Okay, okay... um, I finished Ms. Smirk and I'm still reading the books I mentioned before.
I've been working on Daniel, and rereading the last couple of chapters since Wednesday. Reading

Next?
[Image: hitlers-war-harry-turtledove-hardcover-cover-art.jpg]

I hate to say it, because Turtledove is my favorite popular author, but so far I'm not terribly riveted by this one.

The thesis is that, in 1938, when they met to sign the Munich Accord, delivering Czechoslovakia to Hitler, Neville Chamberlain unexpectedly developed some backbone and said "Nein," thus infuriating Hitler and causing World War II to immediately break out between the Allies (England, France, and Russia) and the Axis (Germany, Italy, Japan, and Spain). Since nobody was really prepared for war at that point, things got very dicey, but Hitler was Hitler, and nothing but war would satisfy him.

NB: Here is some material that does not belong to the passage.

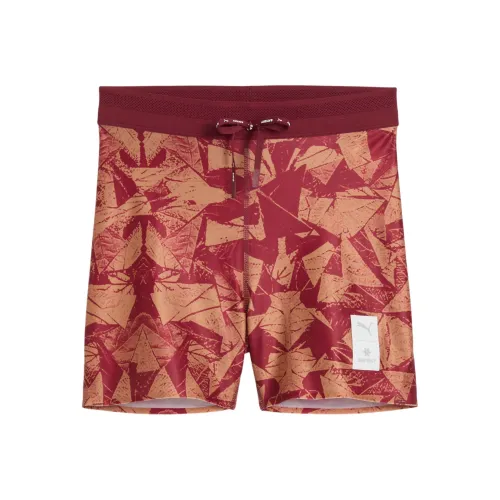 PUMA x SAYSKY Спортивные шорты для абсорбирования влаги женские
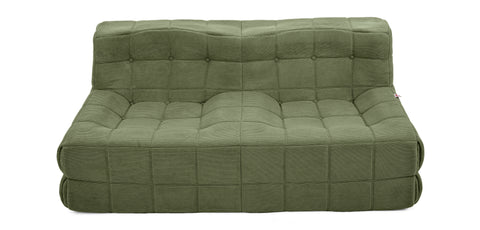 Compressed Two Seater GREEN CH02 - WKVZ20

Much of the book is taken up with fictionalized accounts of the American Communists and left-wingers who joined the Abraham Lincoln Brigade to fight the Fascists in Spain. The Spanish Civil War has been so over-glamorized, for political purposes, by such people as Hemingway, that it is a burden and an agony for me to read any more about it.

Most of the novel takes place on the battlefields, not in the conference rooms, and so Chamberlain and other historical figures appear very infrequently. Turtledove's fictional characters are strong, as usual, including a Jewish family trying to get out of Czechoslovakia before the Nazis come; but overall, it's just not my cup of tea.

Turtledove's earlier novel, The Man with the Iron Heart, about the adventures of Reinhard Heydrich (who, in the book, was not assassinated), was much better, at least according to my tastes.

Hitler's War
is apparently the first in a series. I may give the others a pass.
I'm in Hosea.

I've not had time to read anything else, as it's that time of year: church play rehearsals, making cookies, attending gatherings, etc.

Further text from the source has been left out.